I have a mild preference for minimizing the number of expression node
types.  If we can represent two similar kinds of expressions with one
node type instead of two, we roughly halve the amount of overhead code
needed.

My inclination would be to divvy things up on the basis of the kinds
of things to be compared, so we'd have these classes of nodes:

1. Test a single <row value expression>; this would cover
        <null predicate> ::=             <row value expression> IS [ NOT ] NULL

2. Compare two <row value expressions>; this would cover
        <comparison predicate> ::=             <row value expression> <comp op> <row value expression>
        <distinct predicate> ::=             <row value expression> IS DISTINCT FROM <row value expression>
  (OVERLAPS is a special case that should remain separate, IMHO)

3. Compare three <row value expressions>:
        <between predicate> ::=             <row value expression> [ NOT ] BETWEEN               [ ASYMMETRIC |
SYMMETRIC]               <row value expression> AND <row value expression>
 

4. Compare a <row value expression> to a list of <row value expressions>:
        <in predicate> ::=             <row value expression>               [ NOT ] IN <left paren> <in value list>
<rightparen>
 
        <in value list> ::=             <row value expression> { <comma> <row value expression> }...

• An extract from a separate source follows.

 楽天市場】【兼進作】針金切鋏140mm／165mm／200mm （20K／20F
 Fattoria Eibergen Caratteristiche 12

5. Compare a <row value expression> to the outputs of a <subquery>:
        <in predicate> ::=             <row value expression>               [ NOT ] IN <table subquery>
        <quantified comparison predicate> ::=             <row value expression> <comp op> <quantifier>
<tablesubquery>
 
        <match predicate> ::=             <row value expression> MATCH [ UNIQUE ]             [ SIMPLE | PARTIAL | FULL
]                <table subquery>
 

Case 5 corresponds exactly to the existing SubLink node type (although
it's missing the MATCH options at the moment, and doesn't implement all
the <comp op> cases it should).

The spec intends all of these constructs to include the case where the
<row value expression> is a single scalar expression.  I'm feeling
ambivalent about whether we should have the same node type or different
ones for the single-value and row-value cases.  For SubLink we currently
handle single-value and row-value left hand sides with the same code,
and that seems fine.  For <comparison predicate> I definitely *don't*
want to burden scalar comparisons with row-value overhead, so we need
two separate representations for that.  The other cases seem to be on the
borderline.  We don't currently have scalar-case node types for these,
except for NullTest, so new node-type coding is needed anyway --- it
could be either a separate scalar node type or merged with the row-value
case.  No strong preference here, but slight leaning towards merging.

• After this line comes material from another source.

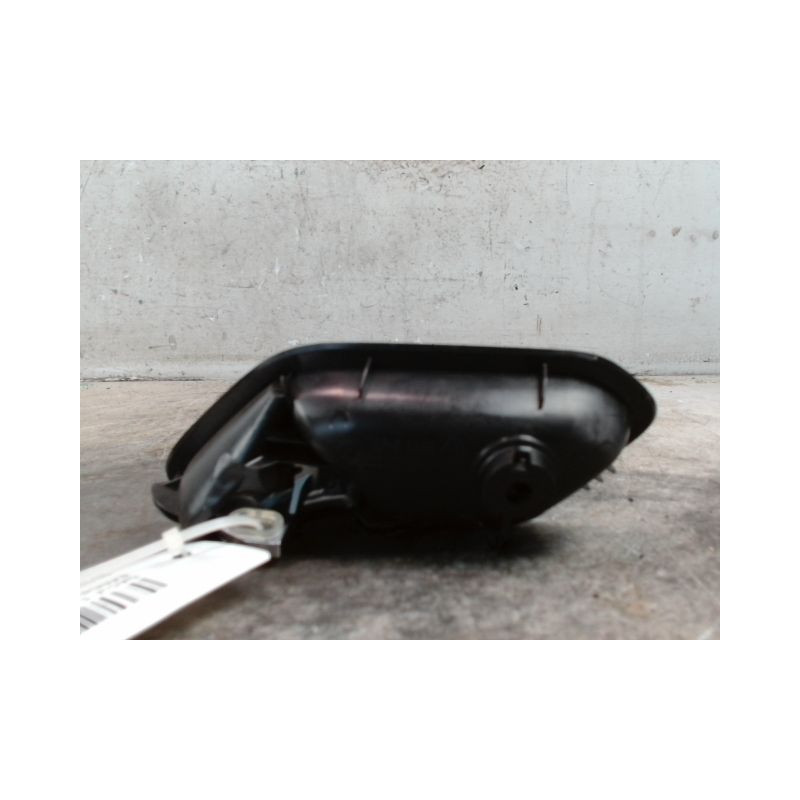 POIGNEE INTERIEURE PORTE AVANT DROIT DACIA SANDERO 2008-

> Using the SubLink node does not seem quite right because IS DISTINCT
> FROM does not seem to make sense with an embedded select as one of the
> arguments, but maybe it does??

I agree it doesn't make sense.  However, we should look at SubLink and
see if we can't clean it up and maybe share some code.  For all of the
cases that compare rows, you need to have a list of the appropriate
scalar comparison operators to use for each column.  The way SubLink
does that is pretty ugly (especially its use of a modifiable Const node).
Let's see if we can't improve that before we copy it ;-).  I'm thinking
that the expression tree itself ought to contain just a list of Oper
nodes dangling from the SubLink or row comparison node.  We'd need an
alternate entry point similar to ExecEvalOper/ExecMakeFunctionResult
that would accept two Datum values rather than a list of subexpressions
to evaluate, but that seems very doable.
        regards, tom lane